### GIVEN DATA:

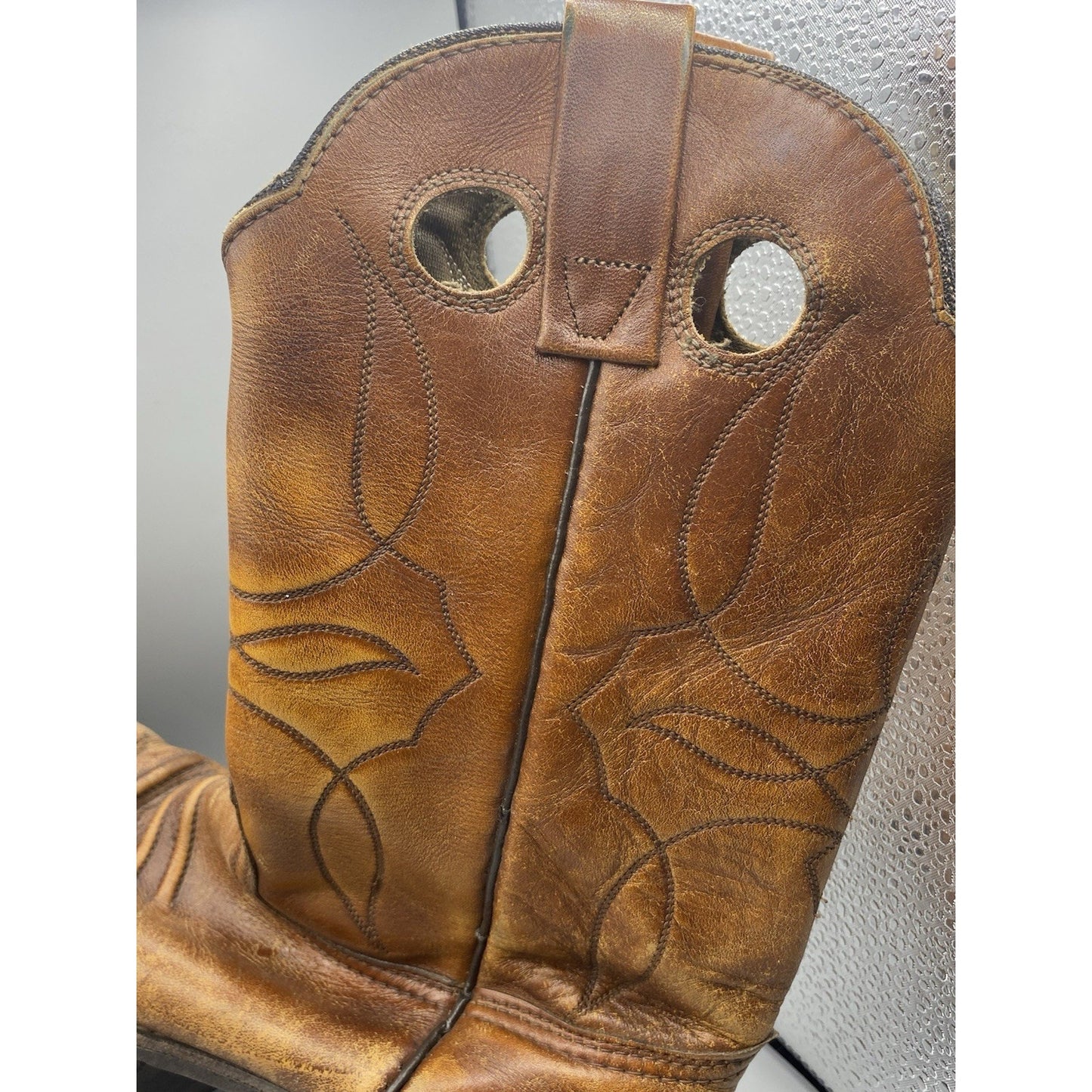 Vintage Durango 7330 SZ 6M Distressed Cowboy Boots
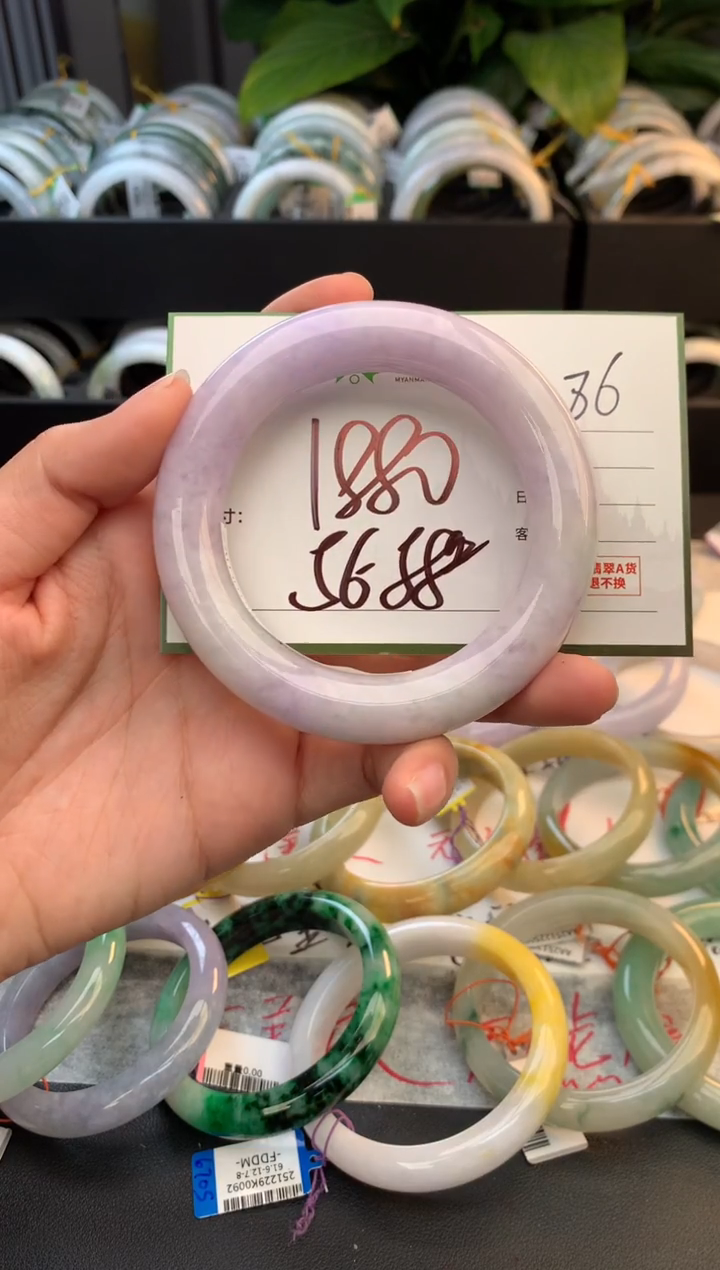 未镶嵌定制翡翠毛货需精细抛光+多人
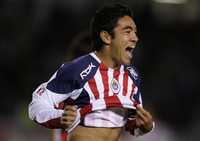 Marco Fabián, del Guadalajara, festeja el gol que le anotó a los millonarios en su estadio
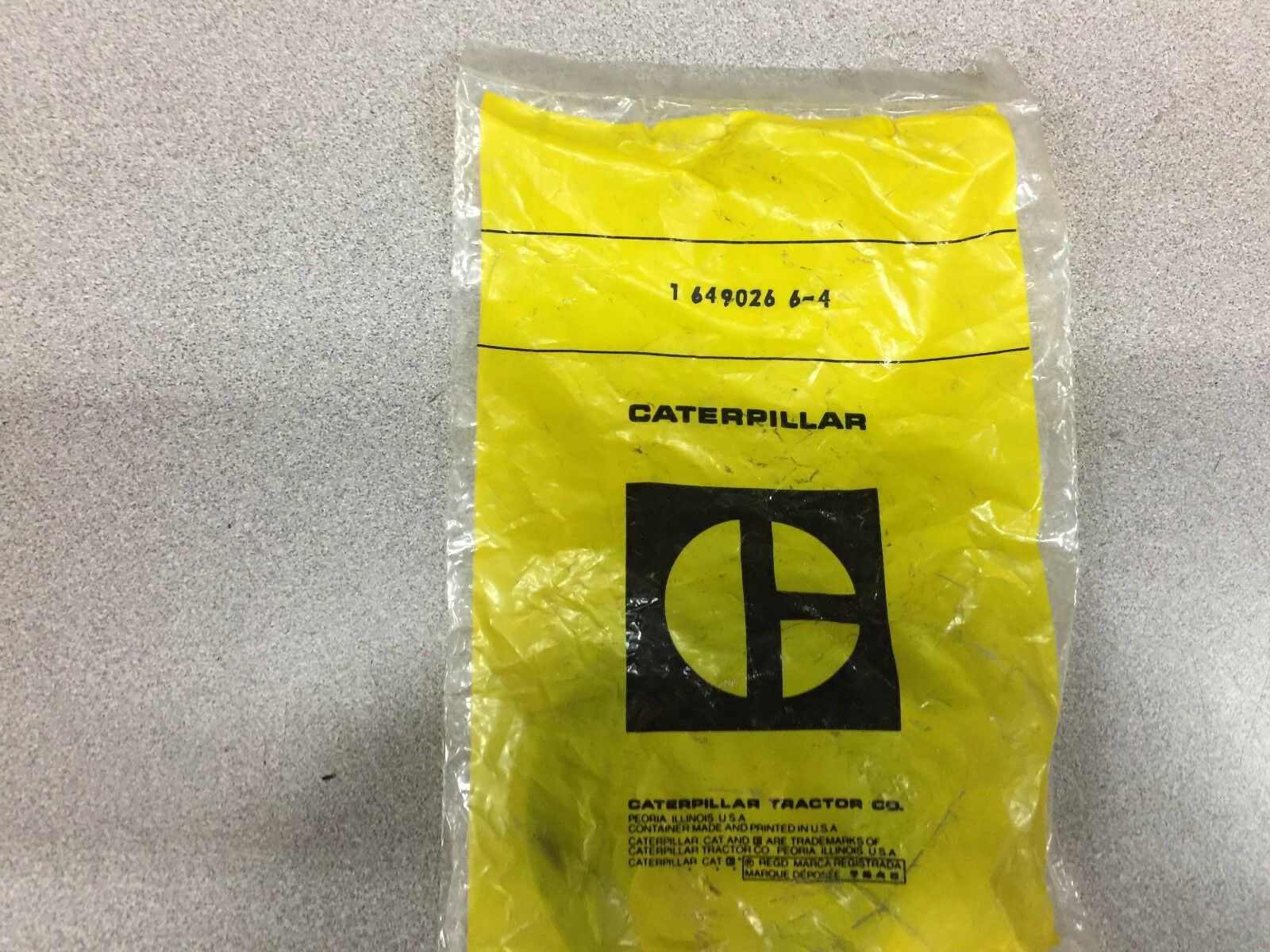 NEW IN BAG CATERPILLAR SEAL 1 649026 6-4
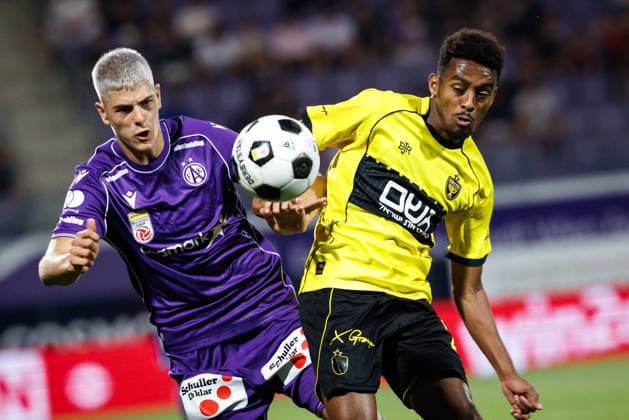 SOCCER - UEFA ECL, A.Wien vs Beita VIENNA,AUSTRIA,13.AUG.26 - SOCCER - UEFA Conference League, qualification, FK Austria Wien vs Beitar Jerusalem. Image shows Vasilije Markovic (A.Wien) and Dagatz Worko (Beitar).  GEPAxpictures xArminxRauthner
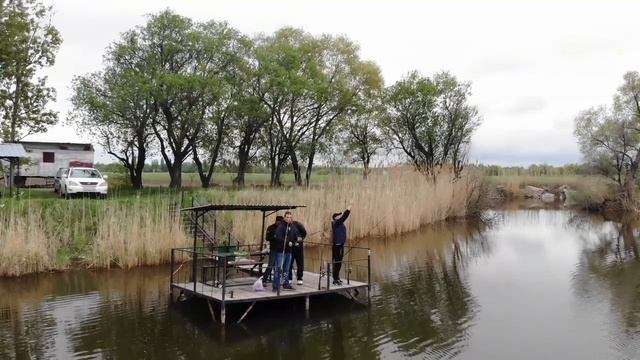 рыболовная база "ЗОЛОТАЯ РЫБКА" в Алматы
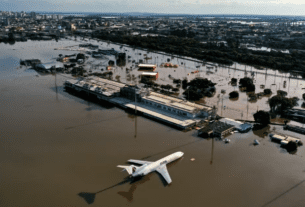 Aeroporto inundado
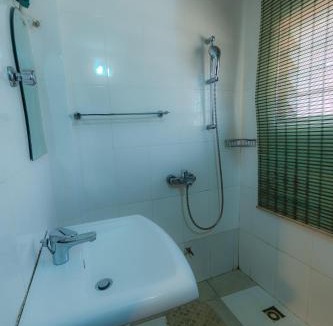 Cape Coast Cabin | Rans Hill Lodge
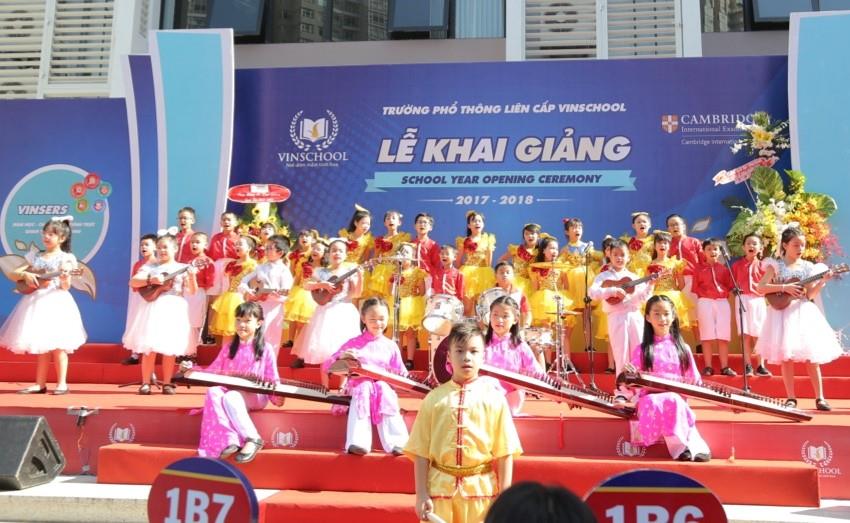 Phụ huynh và học sinh tham dự Lễ khai giảng tại Trường PTLC Central Park sang nay cũng khó có thể quên được màn Mash up: Lý kéo chài (nhạc cụ dân tộc), Symphony No9 của Beethoven (nhạc cụ phương tây), Bàn tay kỳ diệu (flash mob) do các em học sinh biểu diễn.
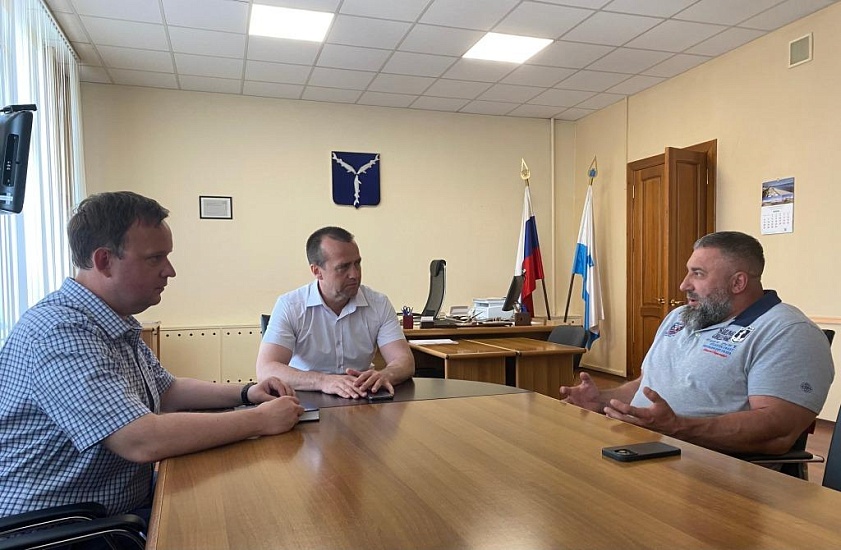 Владимир Бьятенко встретился с Вячеславом 
Максютой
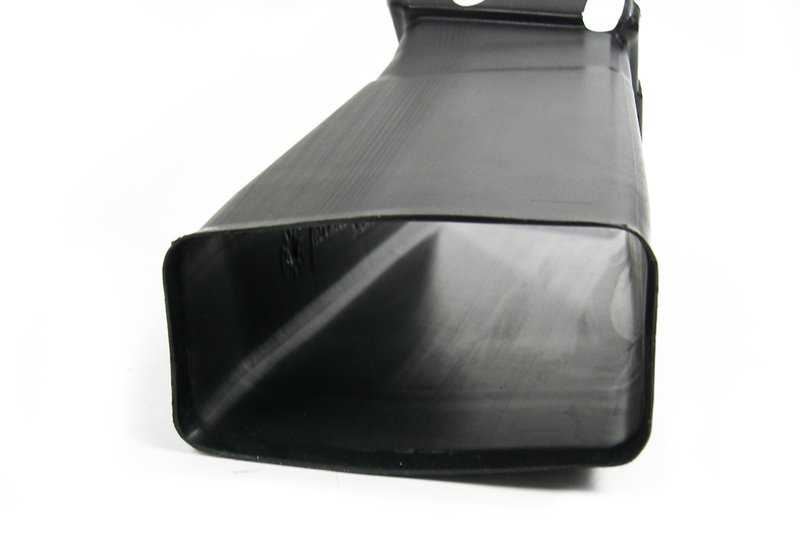 Guía de aire derecha OEM 51718156252 para BMW E36. Original BMW.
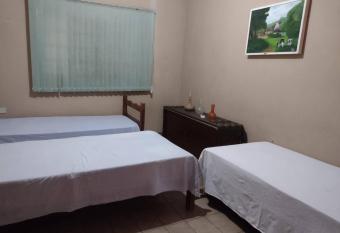 Pousada Recanto Alaketu Hospedagens allows 18 year olds to book a room
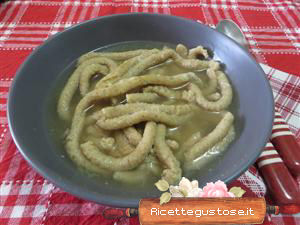passatelli in brodo ricetta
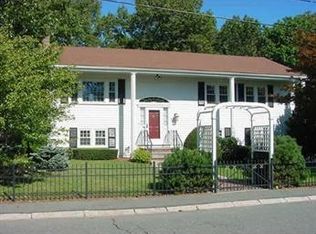 4 Bradford Rd, Woburn, MA 01801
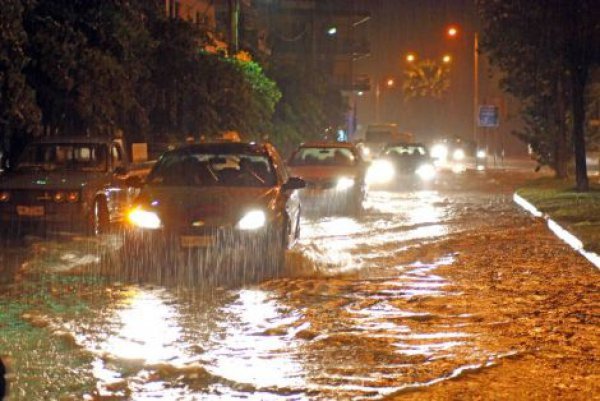 Τρόμος σε Ηπειρο & Πτολεμαΐδα από την κακοκαιρία: Ξηλώθηκε στέγη σπιτιού και πλημμύρισαν καταστήματα [βίντεο & εικόνες] | iefimerida.gr 3
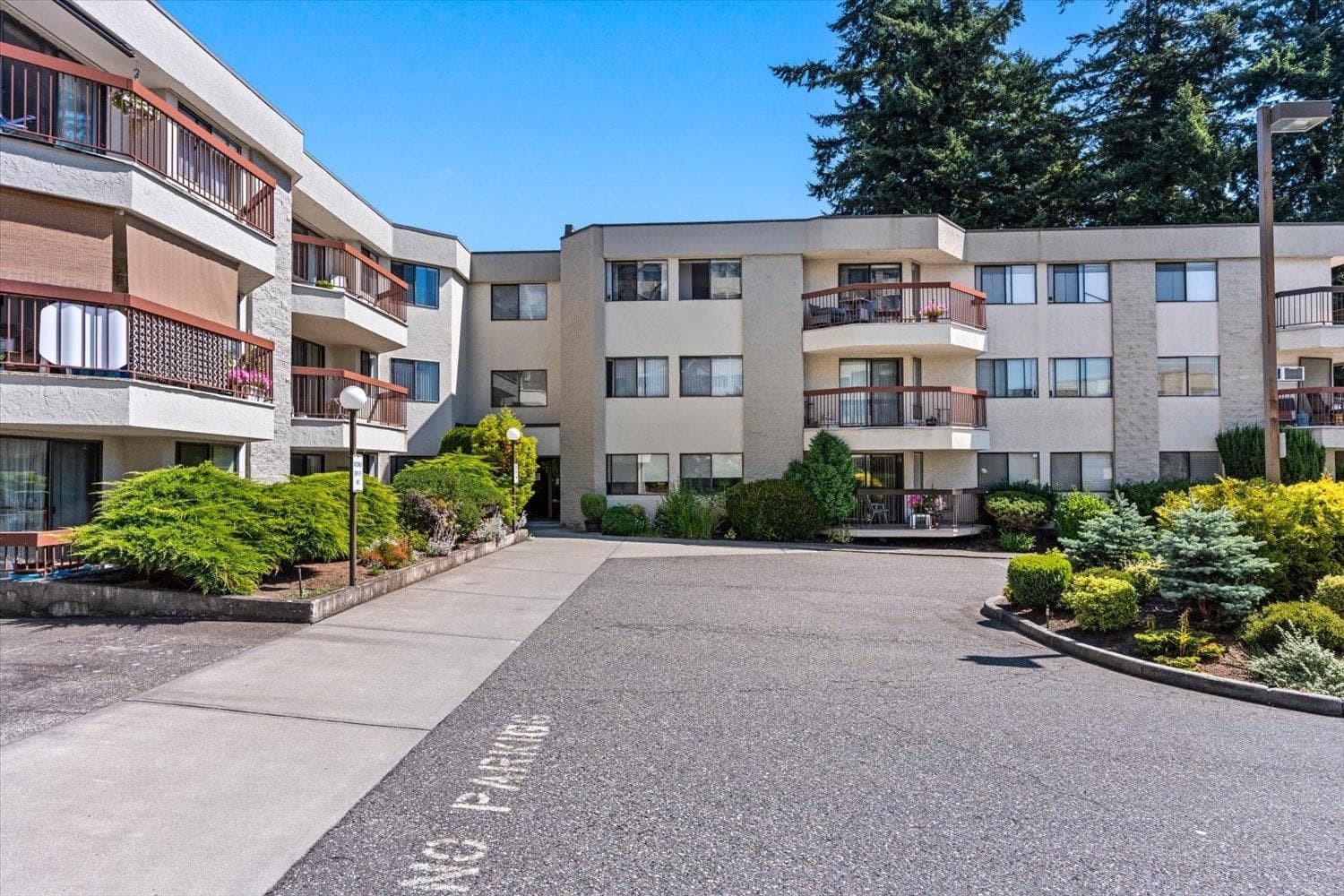 323 - 31955 Old Yale Road, Abbotsford, V2T 4N1 — photo 1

### HOW TO COMPLETE THIS TASK:
Reproduce each entry precisely; the pictures stay out.

### RESULT OF THE TASK:
 Vintage Durango 7330 SZ 6M Distressed Cowboy Boots
 未镶嵌定制翡翠毛货需精细抛光+多人
 Marco Fabián, del Guadalajara, festeja el gol que le anotó a los millonarios en su estadio
 NEW IN BAG CATERPILLAR SEAL 1 649026 6-4
 SOCCER - UEFA ECL, A.Wien vs Beita VIENNA,AUSTRIA,13.AUG.26 - SOCCER - UEFA Conference League, qualification, FK Austria Wien vs Beitar Jerusalem. Image shows Vasilije Markovic (A.Wien) and Dagatz Worko (Beitar).  GEPAxpictures xArminxRauthner
 рыболовная база "ЗОЛОТАЯ РЫБКА" в Алматы
 Aeroporto inundado
 Cape Coast Cabin | Rans Hill Lodge
 Phụ huynh và học sinh tham dự Lễ khai giảng tại Trường PTLC Central Park sang nay cũng khó có thể quên được màn Mash up: Lý kéo chài (nhạc cụ dân tộc), Symphony No9 của Beethoven (nhạc cụ phương tây), Bàn tay kỳ diệu (flash mob) do các em học sinh biểu diễn.
 Владимир Бьятенко встретился с Вячеславом 
Максютой
 Guía de aire derecha OEM 51718156252 para BMW E36. Original BMW.
 Pousada Recanto Alaketu Hospedagens allows 18 year olds to book a room
passatelli in brodo ricetta
 4 Bradford Rd, Woburn, MA 01801
 Τρόμος σε Ηπειρο & Πτολεμαΐδα από την κακοκαιρία: Ξηλώθηκε στέγη σπιτιού και πλημμύρισαν καταστήματα [βίντεο & εικόνες] | iefimerida.gr 3
 323 - 31955 Old Yale Road, Abbotsford, V2T 4N1 — photo 1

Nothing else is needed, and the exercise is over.